O monstro. Anêmona-do-mar gigante. A desculpa de roteiro é que este macrófago carnívoro – que normalmente se aloca a uma profundidade de 30 metros – estaria vivendo nas profundezas do oceano e por isso crescera tão absurdamente. A apelação no mistério do desconhecido dos confins do oceano, com aporte científico num delicioso achismo delirante. E pronto. Não precisa de mais nada das origens da besta. E nem esta é a intenção. A construção do monstro, com seus tentáculos infinitos, que parecem ter inteligência própria, é de design visual criado pelo mestre Rob Bottin. O diretor escolhe esta maneira abusiva da criatura para manter a tensão alta mesmo com algo faltando ali. A independência destes tentáculos dá continuidade à perseguição e mantém ainda um mistério acerca da dúvida com o que diabos aquilo se parece (já que só partes da figura dão as caras). Um monstrengo mostrado aos poucos. Sommers usa e abusa dos efeitos digitais (Dream Quest e Industrial Light and Magic) pra criar um animal imenso, e apesar dos usos problemáticos do CGI nos anos 90, consegue ser inventivo e convincente, na maior parte do tempo, no tensionamento proposto; nas mortes absurdas (uma do personagem Billy digerido pela metade é sensacional); e no excelente encontro final com a fera.

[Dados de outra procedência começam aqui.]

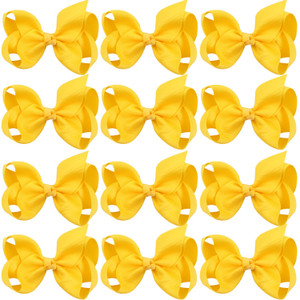 4 Inch Boutique Girls Hair Bows Hair Clips for Girls Toddlers 12 Pcs Solid Color (Yellow)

Esquema anos 90. Agressividade, sarcasmo e muita putaria pra se resolver tudo e escapar nos últimos minutos. Diversão abertamente escapista. A movimentação de seus personagens em busca de riqueza e eles tendo que lidar com uma criatura desconhecida, é levada a cabo com curtição e referências a filmes clássicos como Aliens – O Resgate (Aliens, 1986) do James Cameron; este último trabalha com ação e uma ponta de mistério para o que realmente era responsável pelos aliens. Em Tentáculos a dimensão é menor, mas se aproveita dos mais variados clichês abusivamente copiados, mas a total intenção de farra faz com que tudo se execute. Outros filmes escolheram este caminho do avacalho, como os tubarões do contemporâneo Do Fundo do Mar (Deep Blue Sea, 1999), mesmo que este último ainda tenha um pé em certa seriedade. Em Tentáculos o avacalho é completo. Pra servir a isso existe a boa montagem que coordena bem a movimentação da criatura com os desesperados em fuga.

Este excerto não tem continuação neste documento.